À droite une loupe de terrain pour rendre compte de l'échelle
5. Description morphologique
La petite taille de l’imago (stade adulte), 11 à 12mm d’envergure pour 12 à 13mm de longueur, et sa coloration brune le rend très discret mais quand on le regarde de près il a la particularité, hormis au niveau des yeux, d’être entièrement revêtu d’écailles. Les ailes, de 3 à 4mm, sont réduites à l’état de moignon, les postérieures plus petites que les antérieures comme c’est le cas chez toutes les espèces citées plus tôt. Elles ne dépassent jamais le 2ème segment abdominal. Les antennes, de 5 à 6mm, sont plus épaisses chez le mâle que chez la femelle. Soyeuses, elles ont une couronne de courts cils à la base de chaque article. Les 3 paires de pattes sont abondamment couvertes de longues épines, les postérieures faisant environ 6mm.6. L’identité inconnue de la chenille
Aujourd’hui le mystère demeure quant à l’identité de sa chenille et des suivis vont être prochainement mis en oeuvre pour mieux connaître le stade juvénile et la/les espèce(s) de plante(s) au(x)quelle(s) la chenille phytophage est dépendante (plantes hôtes).

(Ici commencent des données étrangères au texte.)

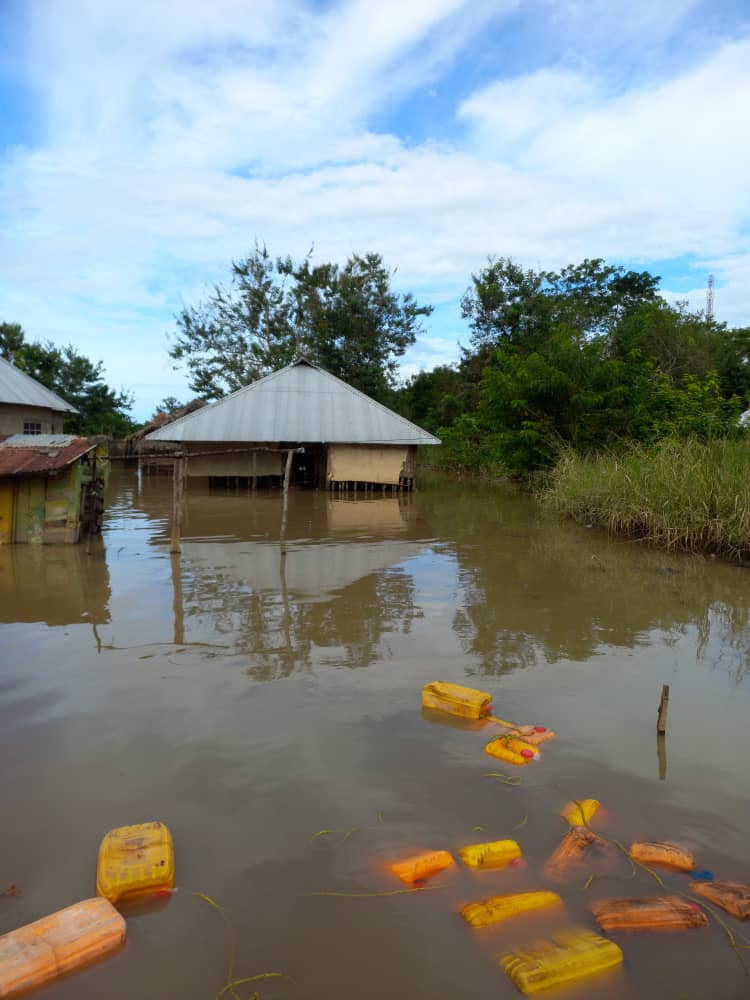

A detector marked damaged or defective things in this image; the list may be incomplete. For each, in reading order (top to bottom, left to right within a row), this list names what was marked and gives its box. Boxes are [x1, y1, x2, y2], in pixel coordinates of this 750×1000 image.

rusty metal roof [0, 358, 78, 412]
rusty metal roof [147, 356, 440, 442]
rusty metal roof [0, 434, 96, 476]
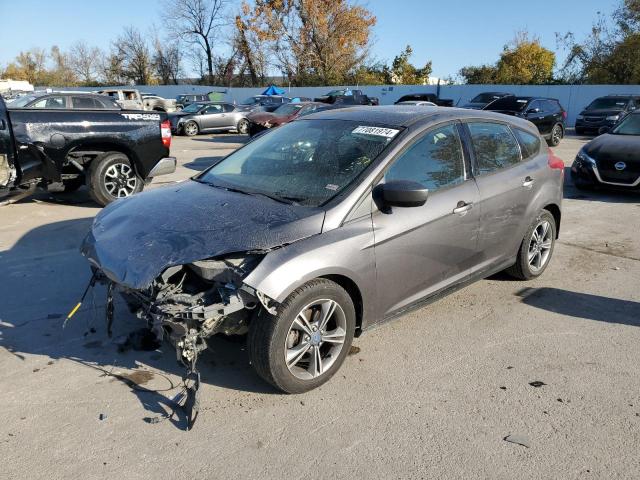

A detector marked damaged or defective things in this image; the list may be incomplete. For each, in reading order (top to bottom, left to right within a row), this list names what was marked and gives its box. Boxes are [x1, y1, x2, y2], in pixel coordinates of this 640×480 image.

damaged gray hatchback [82, 108, 564, 394]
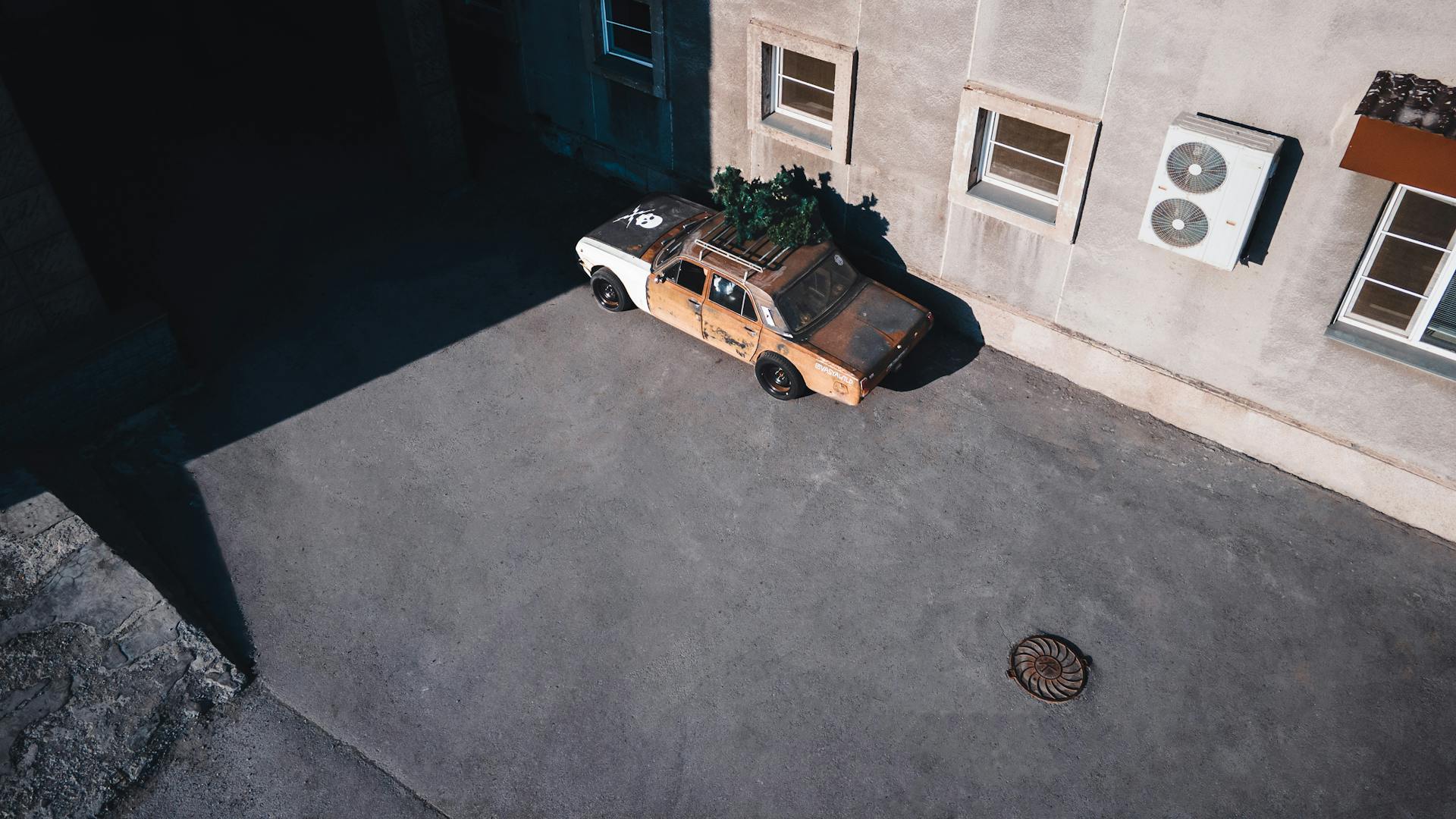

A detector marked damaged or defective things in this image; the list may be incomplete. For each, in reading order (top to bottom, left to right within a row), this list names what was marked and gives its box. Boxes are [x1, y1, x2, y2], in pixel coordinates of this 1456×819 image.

rusty abandoned car [570, 196, 934, 406]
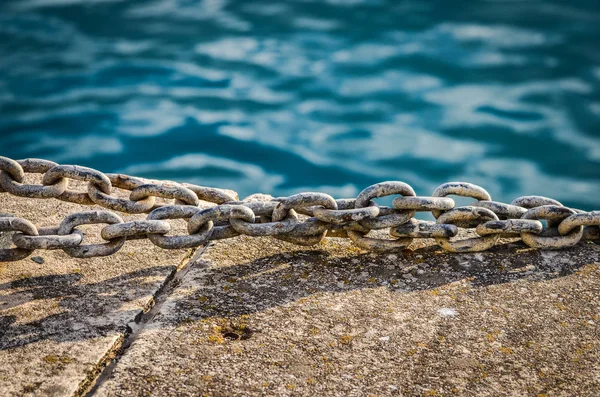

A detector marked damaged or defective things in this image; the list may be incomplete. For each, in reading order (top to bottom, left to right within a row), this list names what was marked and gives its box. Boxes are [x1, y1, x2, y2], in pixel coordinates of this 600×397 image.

rusty chain [0, 156, 596, 262]
corroded metal surface [1, 155, 600, 260]
crack in concrete [81, 243, 209, 394]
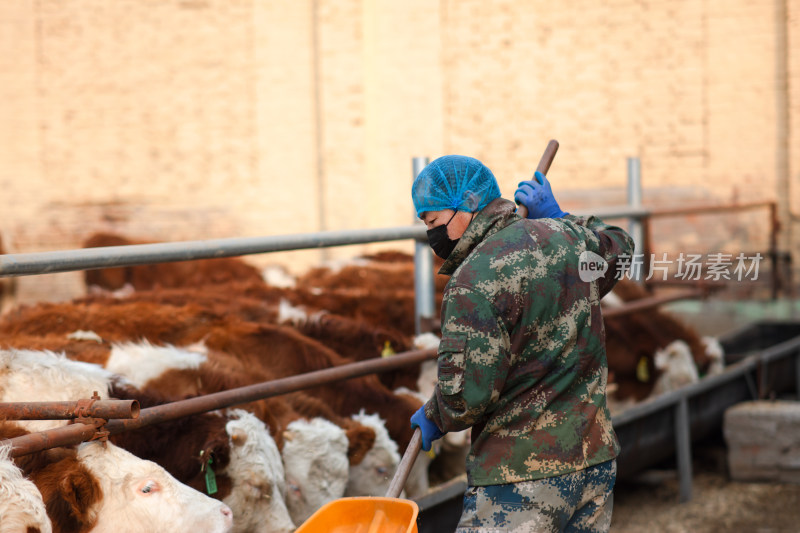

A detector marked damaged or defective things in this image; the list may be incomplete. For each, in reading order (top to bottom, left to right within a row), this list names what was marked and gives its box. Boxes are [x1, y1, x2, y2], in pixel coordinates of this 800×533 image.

rusty metal pipe [0, 400, 139, 420]
rusty metal pipe [2, 420, 103, 458]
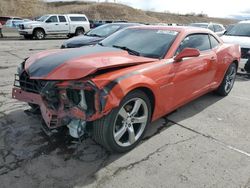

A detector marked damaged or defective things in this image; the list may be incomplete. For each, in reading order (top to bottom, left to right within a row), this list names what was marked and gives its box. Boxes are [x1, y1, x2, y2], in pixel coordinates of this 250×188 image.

crumpled hood [24, 46, 155, 81]
damaged front end [12, 65, 109, 138]
front bumper damage [12, 73, 110, 138]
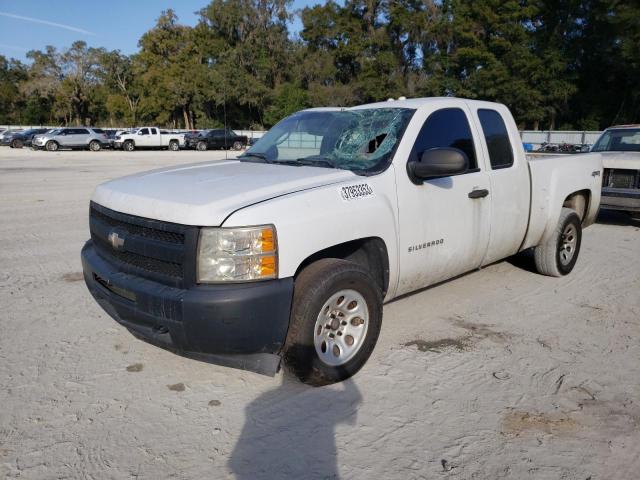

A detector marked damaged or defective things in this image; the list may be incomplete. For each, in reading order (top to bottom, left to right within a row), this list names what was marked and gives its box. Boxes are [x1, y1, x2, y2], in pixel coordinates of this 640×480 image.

cracked windshield [240, 109, 416, 172]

7. Habitat d’intérêt patrimonial
Inféodé aux hautes altitudes, où il apparait commun, on le rencontre quasi exclusivement sur les milieux tourbeux. Il a, pour l’instant, été trouvé entre 535 et 740m d’altitude. Ces milieux tourbeux forment un écosystème à forte valeur patrimoniale car plusieurs espèces endémiques de l’île y sont également présentes comme l’albatros d’Amsterdam (Diomedea amsterdamensis), des sphaignes comme Sphagnum cavernulosum et Sphagnum complanatum, ou encore des plantes vasculaires comme Agrostis delislei, Plantago stauntonii et Plantago pentasperma qui pourraient être les plantes hôtes de la chenille. 8. Statut de menace
- B1 = zone d’occurrence estimée inférieure à 100 km2. [C’est-à-dire les zones tourbeuses que l’espèce pourrait peupler, ici estimée à 17.25Km2 soit 29.7% de la superficie de l’île. La zone d’occupation, où il faut retirer les habitats non favorables tels-que les falaises et les points d’eau, est presque similaire.]